(Input):
______
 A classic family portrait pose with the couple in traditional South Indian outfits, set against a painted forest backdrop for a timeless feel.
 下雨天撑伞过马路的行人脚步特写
______
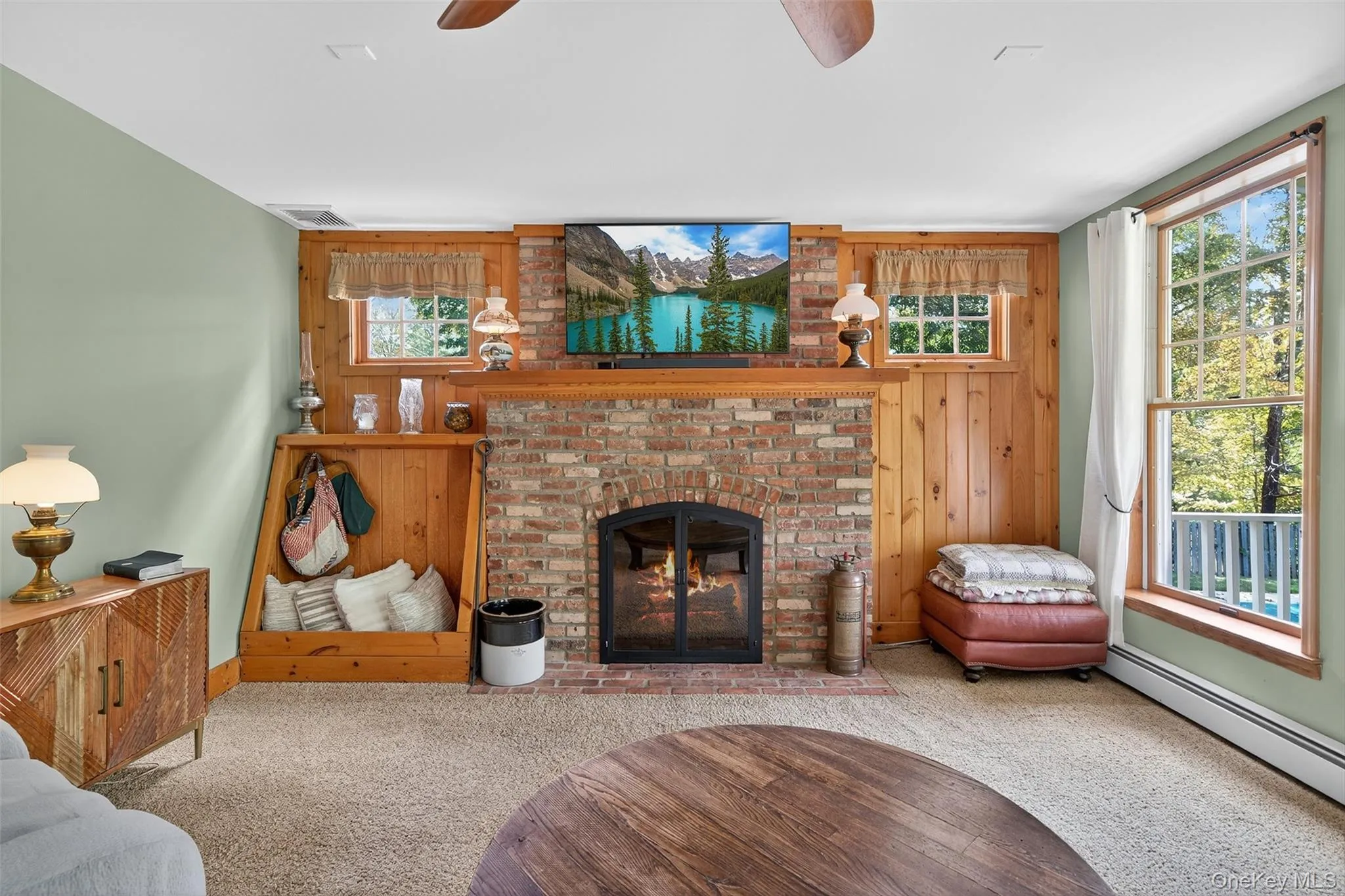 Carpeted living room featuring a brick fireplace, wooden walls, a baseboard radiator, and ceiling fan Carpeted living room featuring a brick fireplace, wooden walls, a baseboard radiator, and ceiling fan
______
(Your objective):
Among the records above, a stretch begins at the line containing "A classic family" and ends at the line containing "下雨天撑伞过马路的行人脚步特写". Restate that stretch word for word, and nothing else.

(Task answer):
 A classic family portrait pose with the couple in traditional South Indian outfits, set against a painted forest backdrop for a timeless feel.
 下雨天撑伞过马路的行人脚步特写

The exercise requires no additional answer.